CCNY PHYS 45400 Sp 2025

Homework 2

PDF is here

Looking up

  1. 1610 was an exciting year

    Look up the positions of Jupiter's 4 major moons at the time when Galileo observed them and compare them to his original drawings in the Sidereus Nuncius. Pick 1 day from his original drawings besides the first day!) and try to reproduce it using the historical data from the ephemeris tables. Include the original drawing and your plot in the submission. Comment on your comparison. Are they similar? Any differences?

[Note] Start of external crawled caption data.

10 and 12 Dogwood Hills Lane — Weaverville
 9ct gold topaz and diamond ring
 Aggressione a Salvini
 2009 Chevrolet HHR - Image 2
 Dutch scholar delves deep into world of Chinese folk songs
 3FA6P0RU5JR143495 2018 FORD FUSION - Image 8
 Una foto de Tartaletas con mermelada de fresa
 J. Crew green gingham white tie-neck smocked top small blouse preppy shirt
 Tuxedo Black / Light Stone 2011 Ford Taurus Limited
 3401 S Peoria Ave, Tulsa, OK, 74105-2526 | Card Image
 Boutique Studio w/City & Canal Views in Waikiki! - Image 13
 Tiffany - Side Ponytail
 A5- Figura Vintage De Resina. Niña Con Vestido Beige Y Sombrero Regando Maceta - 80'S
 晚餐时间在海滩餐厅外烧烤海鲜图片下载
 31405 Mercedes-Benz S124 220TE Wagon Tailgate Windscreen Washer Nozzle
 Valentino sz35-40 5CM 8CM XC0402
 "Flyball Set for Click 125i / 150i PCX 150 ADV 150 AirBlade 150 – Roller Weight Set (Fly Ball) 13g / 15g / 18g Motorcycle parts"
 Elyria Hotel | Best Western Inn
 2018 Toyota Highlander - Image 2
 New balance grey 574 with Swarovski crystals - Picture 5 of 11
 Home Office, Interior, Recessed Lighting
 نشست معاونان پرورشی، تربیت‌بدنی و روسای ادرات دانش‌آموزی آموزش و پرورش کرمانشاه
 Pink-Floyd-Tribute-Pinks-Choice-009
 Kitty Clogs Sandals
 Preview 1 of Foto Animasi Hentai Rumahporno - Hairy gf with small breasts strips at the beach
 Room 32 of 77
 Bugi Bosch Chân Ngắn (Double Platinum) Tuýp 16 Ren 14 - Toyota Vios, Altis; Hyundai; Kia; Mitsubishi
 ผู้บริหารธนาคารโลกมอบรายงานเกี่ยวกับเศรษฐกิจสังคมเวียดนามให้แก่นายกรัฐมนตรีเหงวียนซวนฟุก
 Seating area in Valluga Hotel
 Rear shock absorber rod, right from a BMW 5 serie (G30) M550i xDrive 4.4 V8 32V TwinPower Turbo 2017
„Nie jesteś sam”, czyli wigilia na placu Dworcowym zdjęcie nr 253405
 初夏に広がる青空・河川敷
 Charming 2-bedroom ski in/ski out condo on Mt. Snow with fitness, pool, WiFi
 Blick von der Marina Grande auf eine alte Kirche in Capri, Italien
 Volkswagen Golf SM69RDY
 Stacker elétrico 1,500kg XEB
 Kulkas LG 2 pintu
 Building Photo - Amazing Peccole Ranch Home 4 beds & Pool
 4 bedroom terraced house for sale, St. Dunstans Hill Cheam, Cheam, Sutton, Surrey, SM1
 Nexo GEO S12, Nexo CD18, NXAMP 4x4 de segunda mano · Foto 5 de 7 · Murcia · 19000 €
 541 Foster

    Text of Siderius Nuncius: Starry Messenger

    The year was 1610, and the dates are indicated in the text.

    Some tips

    • Galileo did the experiments in Padua Italy. The latitude/longitude there is: 45.4064° N, 11.8768° E
    • When he says in the 6th hour, that means the sixth hour after sunset (which was probably around 5pm but you will need to looks that up and explain how you did it.)
    • His drawings are in the azimuthal/elevation system
    • All the objects should occupy a very small portion of the total sky - meaning the range of the axis in your plots should be quite small (< 1 degree for sure.)

  2. Prove Kepler's second law (numerically)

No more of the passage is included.